The complete recommendations from the Membership Committee are available here. Their comments on AAN's newest members appear below.

The Beat

  The Beat
"The work of editor and publisher James Shannon shines" in this paper -- and no wonder, he's the former editor of MetroBeat. "Shannon clearly knows what he's doing, producing his usual tight editorial package and writing a mean politics column." "The news component makes an honest attempt to identify and expose malfeasance." The Beat's not perfect, though. "Features, even those dealing with loaded topics, appear to be more investigative than they are." And, with the exception of the film critic, more attention should be paid to the arts and lifestyle writing, and the paper's overall packaging. We liked the covers, but "For God's sake, throw us some subheads!" Conclusion: "a bit lopsided in its makeup, but what it does well, it does very well for its size."

The Independent Weekly

Independent Weekly
"This is a difficult paper to judge this year. … All three issues are devoted to follow-ups about Hurricane Katrina which, of course, was a huge, life-changing event for that portion of the Gulf Coast." The well-designed Independent may have responded to the disaster "with more speed and efficacy than FEMA." But the result -- alas -- is disappointing. "For an allegedly alt paper, their week of hurricane coverage was nothing but mainstream -- not a controversy in sight." "It doesn't delve as deeply or aggressively into its stories as I'd like it to." Unique, post-Katrina circumstances may explain the shortage of arts and lifestyle coverage in the three issues provided. The committee would have liked to see what the Independent looks like on a "normal" week -- and encourages AAN members to do so here in Little Rock. "Why didn't they use their 'wild card' issue to send us one of the 'scathing investigative reports' their application suggests they do, instead of the 9/5 issue?" The conclusion: "We can't admit this paper to AAN just because they had a hurricane, and, judging from what we were sent, it's difficult to know what the paper would have been like without Katrina. … Nitpicking when people are drowning hardly seems sporting. But follow-up coverage should have more perspective."

Port Folio Weekly

  Port Folio Weekly
This paper is owned by a daily that operates in the same market. Landmark Communications also owns Style Weekly in nearby Richmond, which was admitted to AAN last year. Landmark is a privately held company that owns major dailies in Norfolk and two other markets as well as over 50 smaller dailies and weeklies around the South. Among its numerous other media properties are two television stations and, most famously, the Weather Channel. The relationship of Port Folio to its corporate parents bothered some members of the committee who felt it violated the spirit of the bylaws (see Section 6 below), but a majority felt the product spoke for itself. "Strong on news and features -- professionally done and with good politics."

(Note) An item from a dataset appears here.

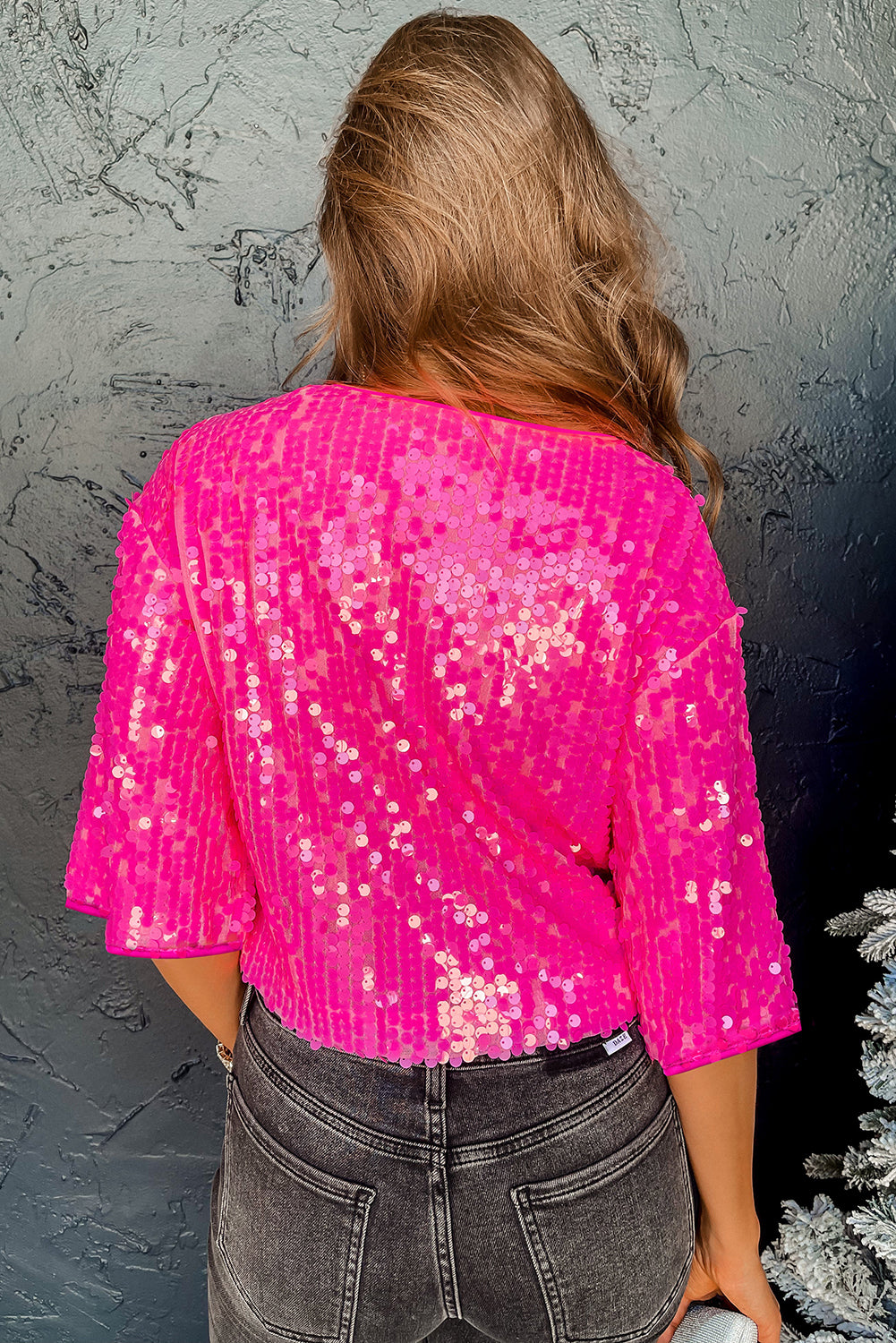 Bright Pink Sequin Round Neck Half Sleeve Top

"It may not be the edgiest paper ever, but it does seem to have a left-leaning sensibility and takes a thoughtful approach to doing what it does." Particularly enterprising was a story on labor conditions at a regional Smithfield slaughterhouse. "Plus, they actually do anti-war demo coverage, suggesting they have an alt audience." Pat Buchanan may be one of too many syndicated columnists, but, thanks to editor Tom Robotham, this paper feels a lot more local than it used to.

The Portland Mercury

Portland Mercury
What we celebrate about this paper is also what makes it maddening. "I love everything that's there … if you could combine all this with a real alt news section, you'd have a stand-out publication." "Lord knows Willamette Week is tough to beat, but give it a go." The Mercury is smart, funny, creative, entertaining, irreverent, and gorgeous -- but is it a newspaper? The front of the book is pretty much "missing in action," and what little news there is seems to be limited to subjects such as strip clubs, bicycling and drug laws. The committee was deeply divided as to whether the Mercury plans to remedy this imbalance -- would they hire a news editor, for example? -- or aims to stay an excellent arts paper with tons of attitude. We can't tell which way it's going and encourage the members to review recent issues and talk to the Mercury staffers who are here.